Copy nothing but the lines below, from the one with "We'll cut up" through the one with "Looking at the", exactly as written; no pictures should appear.

▶ MATERIAL PROVIDED:
-------

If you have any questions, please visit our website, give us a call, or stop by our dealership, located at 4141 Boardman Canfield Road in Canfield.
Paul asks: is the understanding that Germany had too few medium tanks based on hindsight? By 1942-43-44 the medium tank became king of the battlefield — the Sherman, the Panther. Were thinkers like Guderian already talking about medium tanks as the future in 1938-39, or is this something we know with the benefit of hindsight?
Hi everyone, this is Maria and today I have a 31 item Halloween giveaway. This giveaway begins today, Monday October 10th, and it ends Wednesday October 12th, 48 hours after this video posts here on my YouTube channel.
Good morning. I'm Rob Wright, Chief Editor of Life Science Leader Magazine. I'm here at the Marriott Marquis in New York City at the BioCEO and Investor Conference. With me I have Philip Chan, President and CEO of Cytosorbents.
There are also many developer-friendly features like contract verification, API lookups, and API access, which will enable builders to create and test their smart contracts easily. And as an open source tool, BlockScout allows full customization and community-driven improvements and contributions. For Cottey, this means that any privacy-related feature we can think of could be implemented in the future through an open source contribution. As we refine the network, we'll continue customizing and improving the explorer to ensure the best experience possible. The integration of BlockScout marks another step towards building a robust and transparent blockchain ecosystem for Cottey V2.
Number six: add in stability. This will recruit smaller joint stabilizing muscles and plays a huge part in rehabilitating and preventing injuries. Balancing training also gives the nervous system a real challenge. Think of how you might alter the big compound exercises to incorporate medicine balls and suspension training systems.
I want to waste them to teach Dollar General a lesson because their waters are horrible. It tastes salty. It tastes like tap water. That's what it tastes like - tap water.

-------

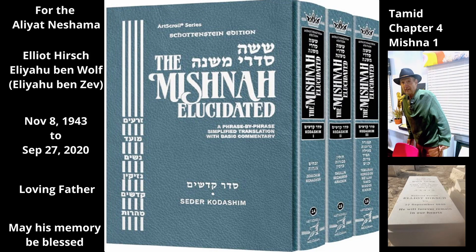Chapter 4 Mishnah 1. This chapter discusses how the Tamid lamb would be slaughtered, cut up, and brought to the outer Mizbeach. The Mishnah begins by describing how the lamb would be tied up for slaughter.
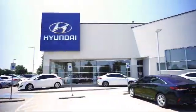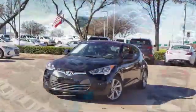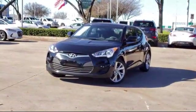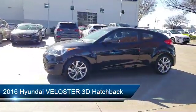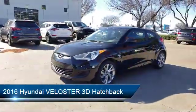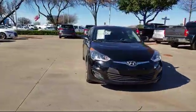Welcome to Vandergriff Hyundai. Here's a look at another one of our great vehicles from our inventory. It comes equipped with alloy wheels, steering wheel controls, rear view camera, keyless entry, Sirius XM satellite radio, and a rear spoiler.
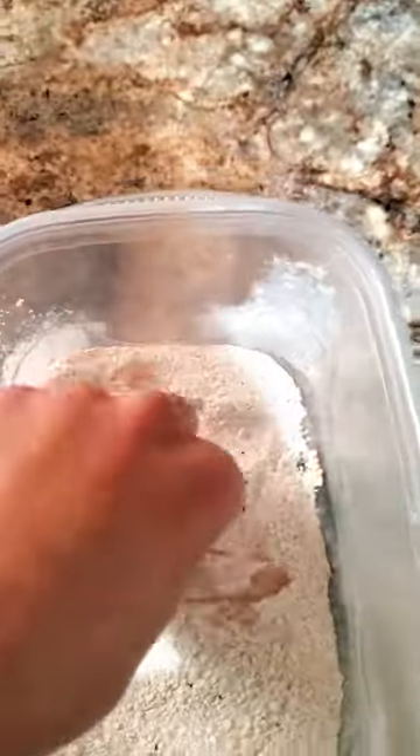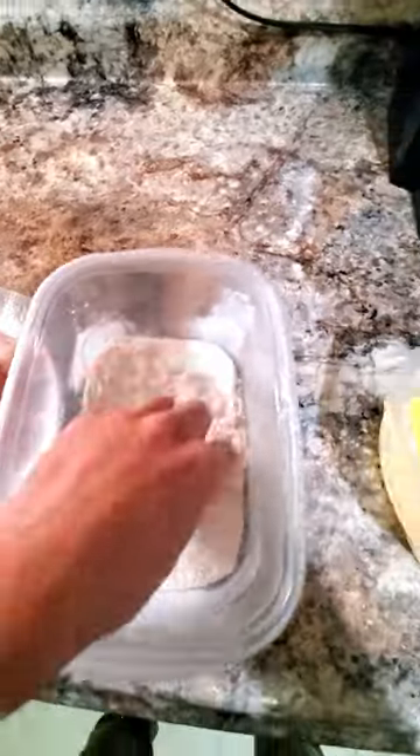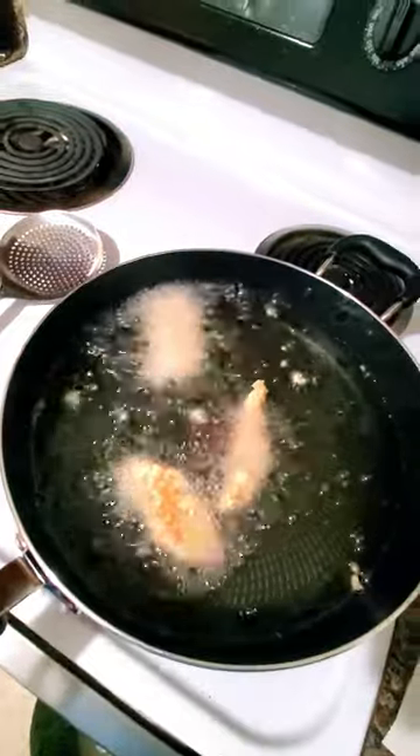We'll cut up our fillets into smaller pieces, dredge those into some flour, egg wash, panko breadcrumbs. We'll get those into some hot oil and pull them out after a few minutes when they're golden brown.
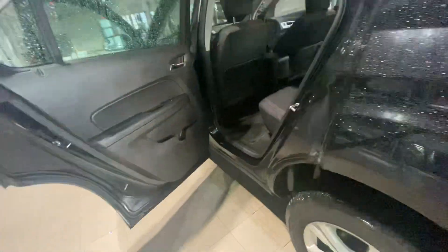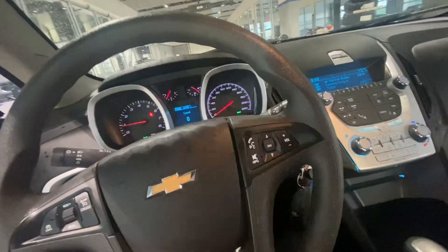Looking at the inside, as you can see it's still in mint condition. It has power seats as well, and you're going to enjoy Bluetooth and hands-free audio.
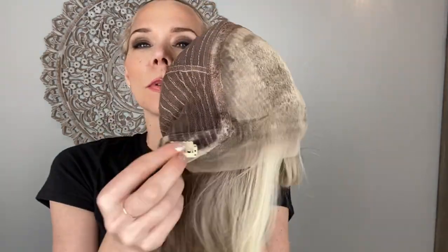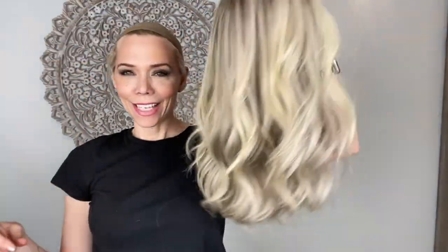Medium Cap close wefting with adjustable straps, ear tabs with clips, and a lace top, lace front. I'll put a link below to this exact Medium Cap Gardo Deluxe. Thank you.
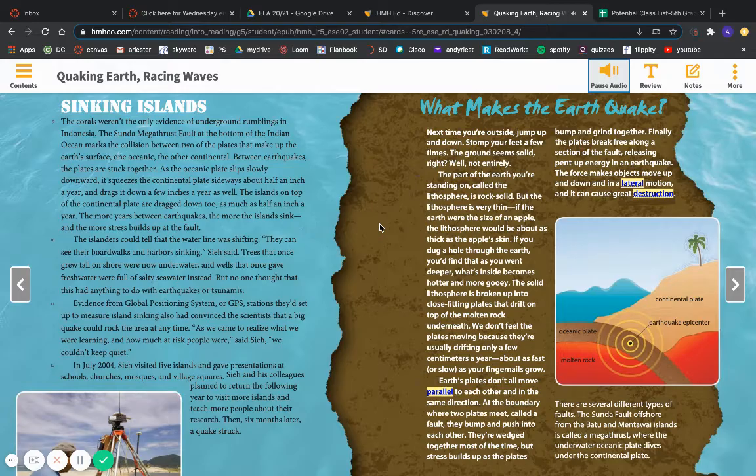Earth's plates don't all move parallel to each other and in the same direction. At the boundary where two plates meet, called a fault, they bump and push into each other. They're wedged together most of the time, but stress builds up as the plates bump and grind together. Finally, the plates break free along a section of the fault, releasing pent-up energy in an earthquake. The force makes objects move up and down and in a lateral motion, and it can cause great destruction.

-------

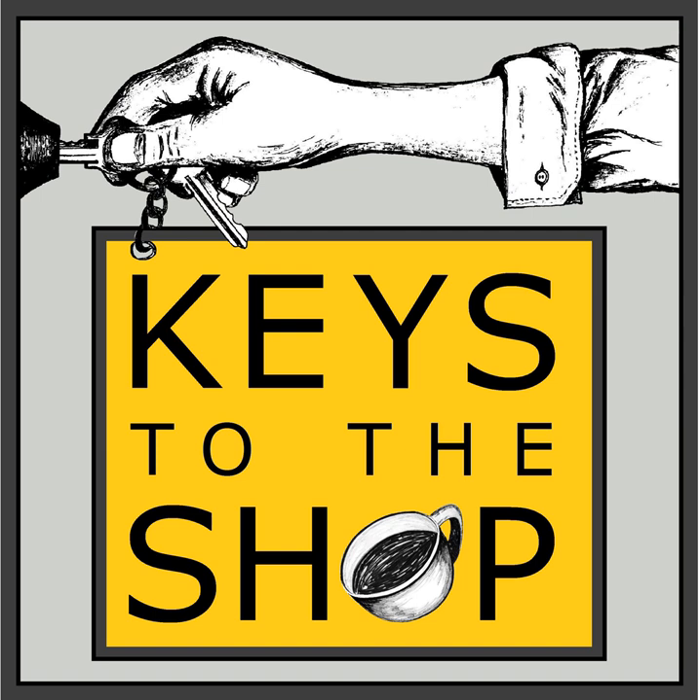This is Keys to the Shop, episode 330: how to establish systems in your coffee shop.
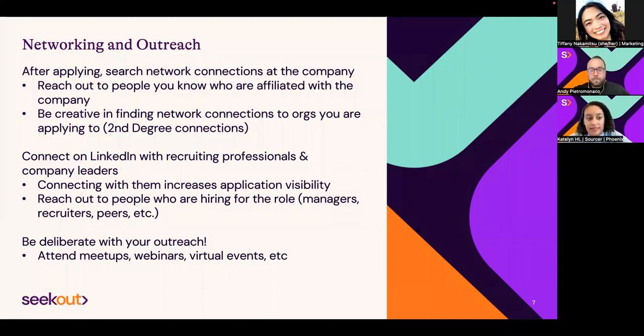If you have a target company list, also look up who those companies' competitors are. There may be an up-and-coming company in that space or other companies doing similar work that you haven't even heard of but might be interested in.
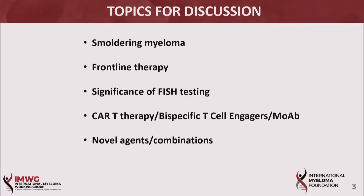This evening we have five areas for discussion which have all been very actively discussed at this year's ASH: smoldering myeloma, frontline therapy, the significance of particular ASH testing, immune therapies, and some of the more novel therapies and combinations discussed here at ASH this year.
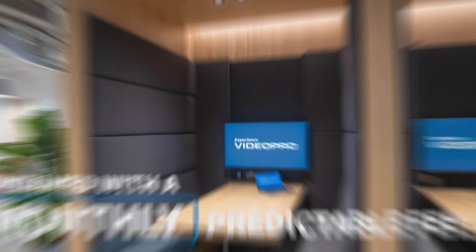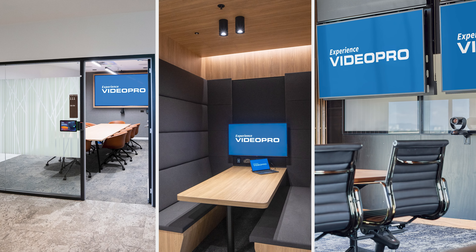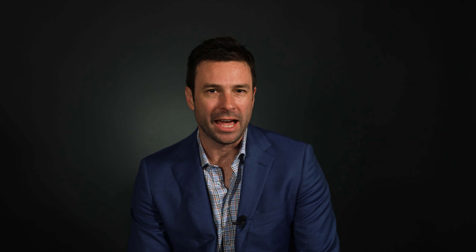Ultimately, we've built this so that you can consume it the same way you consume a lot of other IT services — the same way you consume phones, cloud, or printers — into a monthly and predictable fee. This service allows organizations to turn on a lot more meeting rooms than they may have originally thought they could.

-------

▶ RESPONSE AREA:
We'll cut up our fillets into smaller pieces, dredge those into some flour, egg wash, panko breadcrumbs. We'll get those into some hot oil and pull them out after a few minutes when they're golden brown.
Looking at the inside, as you can see it's still in mint condition. It has power seats as well, and you're going to enjoy Bluetooth and hands-free audio.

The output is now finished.